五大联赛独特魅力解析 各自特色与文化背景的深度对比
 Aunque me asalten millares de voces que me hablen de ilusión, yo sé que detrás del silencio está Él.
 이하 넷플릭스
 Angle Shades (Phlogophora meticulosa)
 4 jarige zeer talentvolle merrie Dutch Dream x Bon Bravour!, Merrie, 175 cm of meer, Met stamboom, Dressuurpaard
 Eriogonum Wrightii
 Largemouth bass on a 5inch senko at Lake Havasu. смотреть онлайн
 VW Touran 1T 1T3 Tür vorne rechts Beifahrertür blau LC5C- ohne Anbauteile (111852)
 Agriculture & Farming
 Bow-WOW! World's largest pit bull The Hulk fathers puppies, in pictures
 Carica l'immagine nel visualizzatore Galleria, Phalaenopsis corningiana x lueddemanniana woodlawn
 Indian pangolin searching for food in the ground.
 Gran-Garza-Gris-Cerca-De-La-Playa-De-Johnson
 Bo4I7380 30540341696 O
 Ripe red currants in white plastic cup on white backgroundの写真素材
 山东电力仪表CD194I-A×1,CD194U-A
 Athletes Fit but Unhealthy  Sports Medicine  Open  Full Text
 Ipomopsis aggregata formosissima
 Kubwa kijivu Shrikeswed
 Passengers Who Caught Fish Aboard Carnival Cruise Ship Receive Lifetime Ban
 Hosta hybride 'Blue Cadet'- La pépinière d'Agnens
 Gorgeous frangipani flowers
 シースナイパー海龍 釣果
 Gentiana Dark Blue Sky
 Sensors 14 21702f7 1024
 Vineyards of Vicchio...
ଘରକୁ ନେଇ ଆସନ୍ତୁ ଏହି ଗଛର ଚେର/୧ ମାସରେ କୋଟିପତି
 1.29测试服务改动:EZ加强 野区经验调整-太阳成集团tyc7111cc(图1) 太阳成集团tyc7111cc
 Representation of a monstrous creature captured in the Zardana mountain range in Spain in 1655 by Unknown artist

***

**What is needed:**
Send back exactly the lines of the listing above starting at the one with "Bow-WOW! World's largest" and ending at the one with "Athletes Fit but", inclusive, and no others.

**Output:**
 Bow-WOW! World's largest pit bull The Hulk fathers puppies, in pictures
 Carica l'immagine nel visualizzatore Galleria, Phalaenopsis corningiana x lueddemanniana woodlawn
 Indian pangolin searching for food in the ground.
 Gran-Garza-Gris-Cerca-De-La-Playa-De-Johnson
 Bo4I7380 30540341696 O
 Ripe red currants in white plastic cup on white backgroundの写真素材
 山东电力仪表CD194I-A×1,CD194U-A
 Athletes Fit but Unhealthy  Sports Medicine  Open  Full Text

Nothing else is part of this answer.